Government needs it the most. No question. Worst service, biggest industry, highest cost. Government is clearly people. The size of an industry tends to be the number of people involved. Government is affecting the most people and it is providing the worst service at the highest cost. And the Blockchain can remedy that by creating a whole virtual layer of governance.
That could be the beginning of where governments have to compete for us so that their services increase, improve and the costs go down. Your taxes will go down, and your education, and your health care and whatever – it will go up, it will be better.
But other industries that are going to benefit, anything that's tied to data or the individual, so identity will be very important because anybody who's affected by data is going to have a much improved situation because that data will be on the Blockchain, permanently there, tied to each individual. And once that's the case that can help with all sorts of other industries: whether it's healthcare, or commerce, or improve retail experience – it could be any number of different things that could be helped just because they will have better data on you.
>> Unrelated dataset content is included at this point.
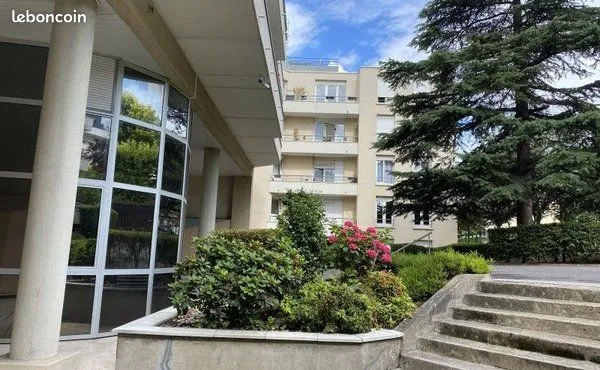 Studio Rez de jardin 34 m2 à Saint-Gratien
How to push adoption further?
We, who are in the industry, are pushing as hard and fast as we possibly can. And it's just that there are all these uncertainties, created by the governments that are run by the grandparents of the people who are creating this new industry. And they don't get it. It is very frustrating for the people who are creating the industry.
So you have these regulators who are 70-80 years old and they are the ones telling these twenty-year olds what they should be doing. But they're the same people who have given them huge education debt, poor education, not appropriate for their work life. And now they're trying to tell them not to do something. That is actually creating a whole new economy.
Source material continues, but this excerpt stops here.